Non disconosciamo il valore e la portata della sentenza, ma siamo altresì convinti che non possa rimanere inascoltato il nostro grido. Che è un grido civile di rabbia, di preoccupazione e di amarezza, ma è anche il grido fermo di chi vuole ripetere a gran voce “Io sono di Sant’Egidio. Sant’Egidio è la mia città”. Respingiamo qualsiasi tentativo e qualsiasi pretesa di dare accelerazioni incomprensibili a un qualsivoglia passaggio di competenze da un comune all’altro. Nessuno pensi che, seppure sulla base di una sentenza di cui tutti riconosciamo il valore, ora si possa pretendere fretta quando per decenni non si è mosso un dito.
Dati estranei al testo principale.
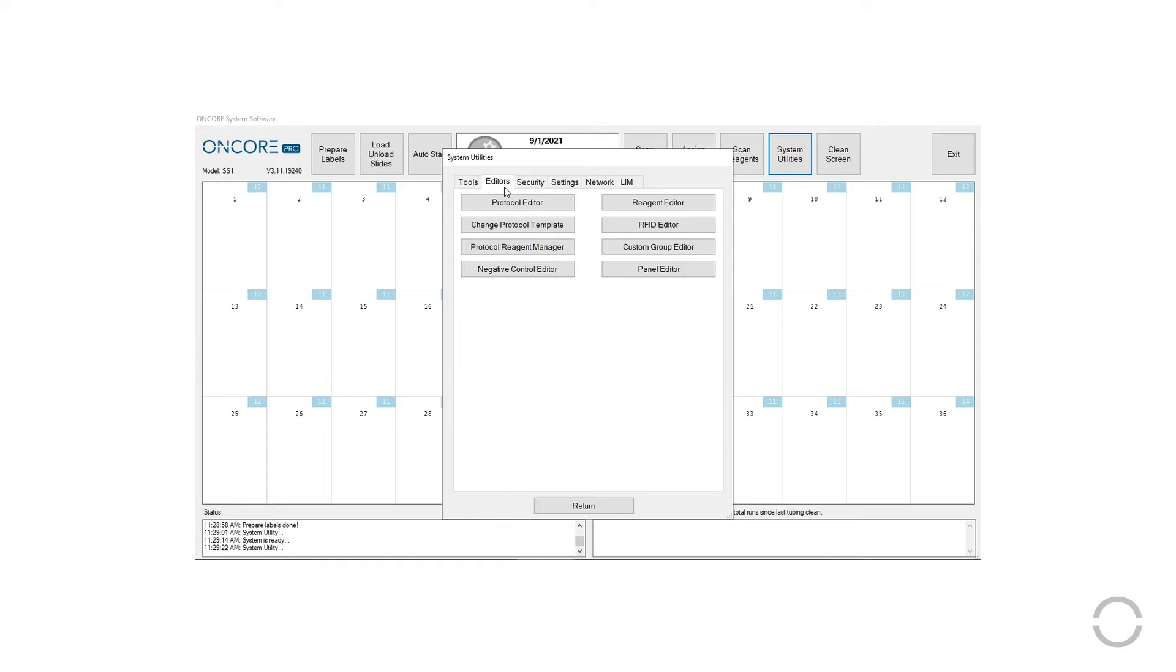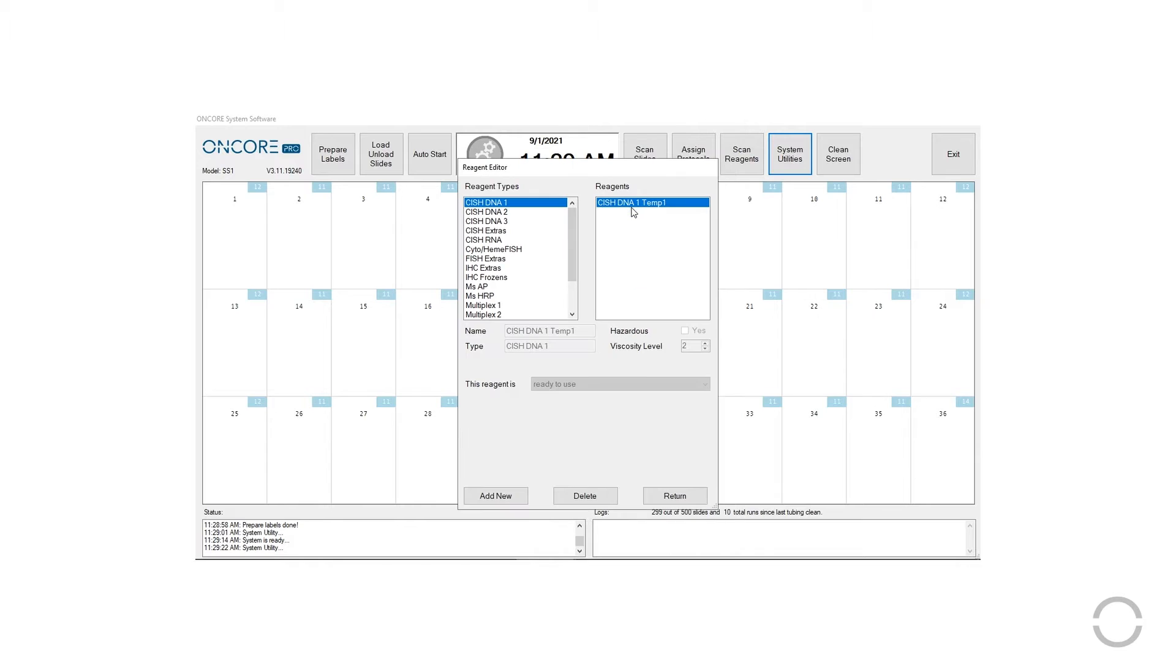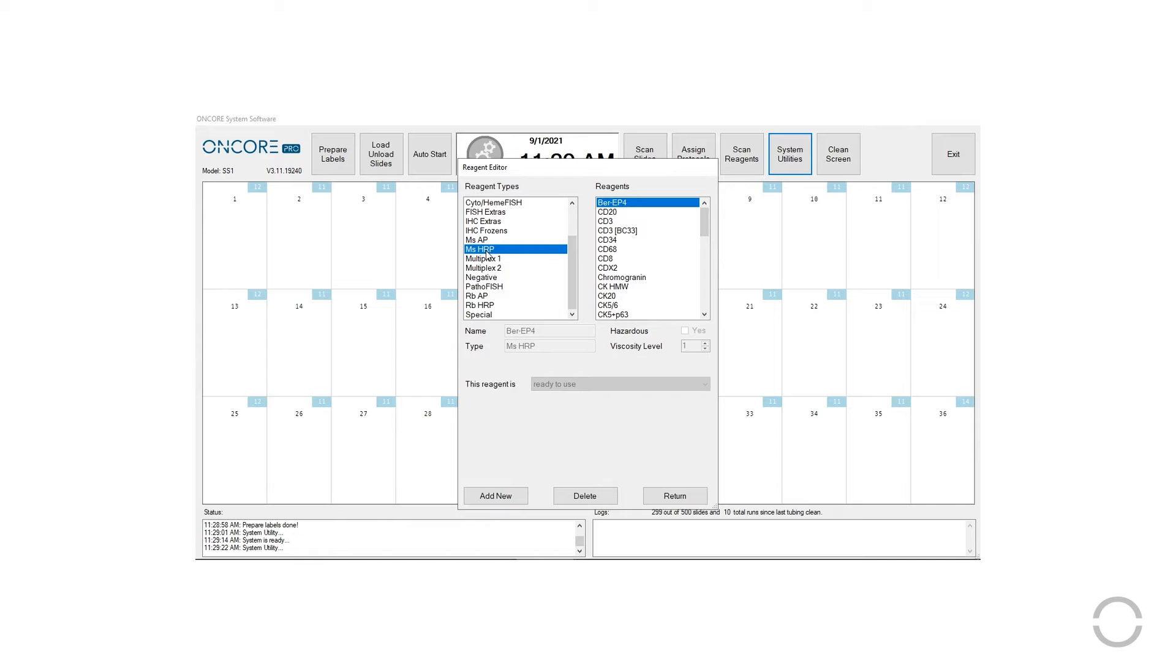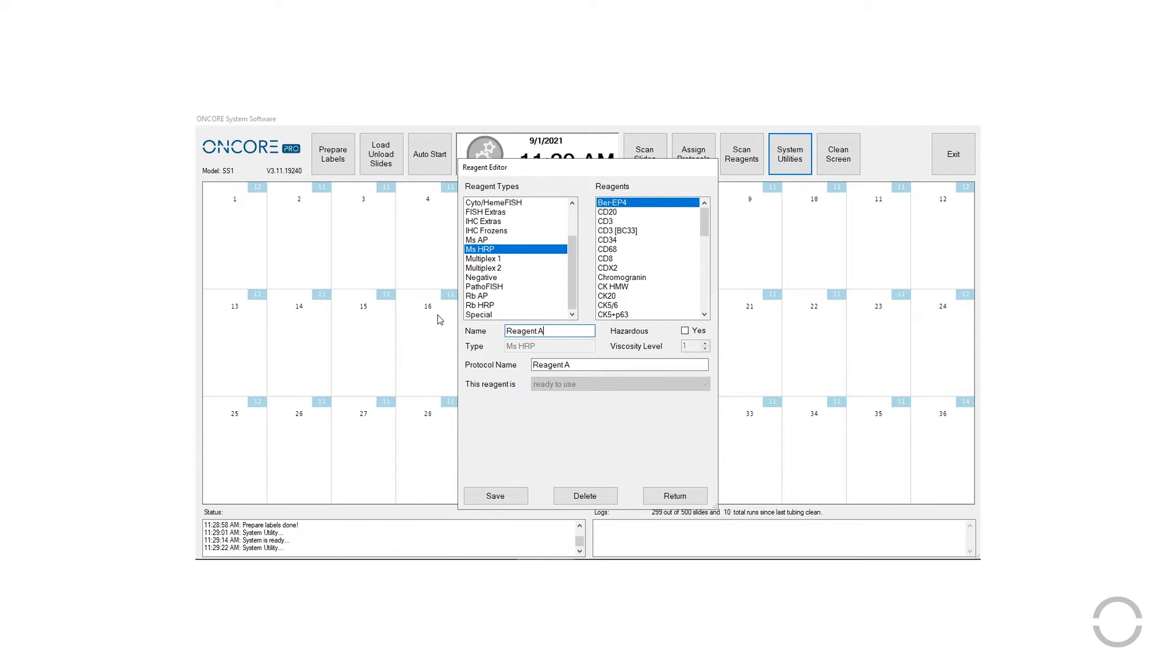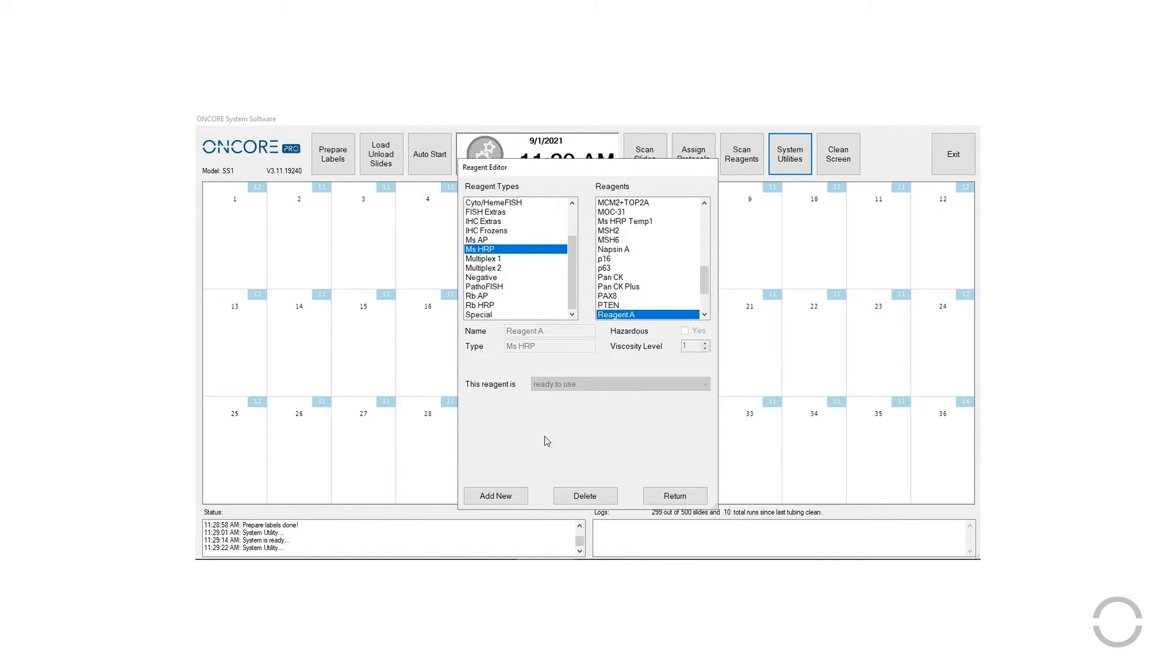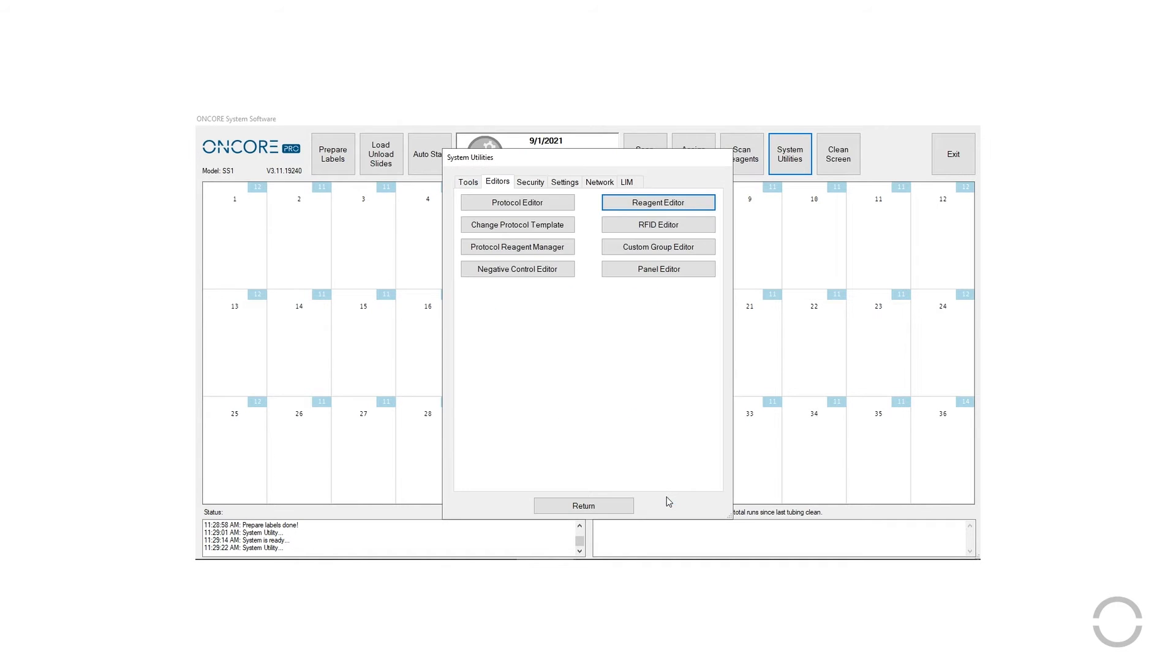Under the appropriate protocol template, if needed, refer to the instructional video on how to add a reagent. Once your desired reagent is in the reagent manager, you can customize its associated protocol by going to System Utilities, Editors, and Protocol Editor.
Le sentenze vanno rispettate, ma va rispettata anche la nostra storia, la nostra volontà e le nostre legittime richieste.
Ecco perché il Comitato Restiamo a Sant’Egidio si è reso promotore di una mobilitazione popolare che avrà un suo primo momento pubblico domenica prossima, 1° ottobre, alle ore 11.30, in piazza De Ruggiero, alla frazione Orta Loreto del comune di Sant’Egidio del Monte Albino. Un sit – in e un’assemblea pubblica, aperta alla partecipazione di tutti, che vuole essere solo il primo passo di una mobilitazione, pacifica e civile ma ferma e determinata, che continuerà nei prossimi giorni e nelle prossime settimane e che vuole far riflettere tutti sulla necessità di trovare altre e diverse soluzioni a un problema che riguarda la vita di oltre 1300 persone e che rischia di dare un colpo mortale alla storia e all’identità della nostra comunità".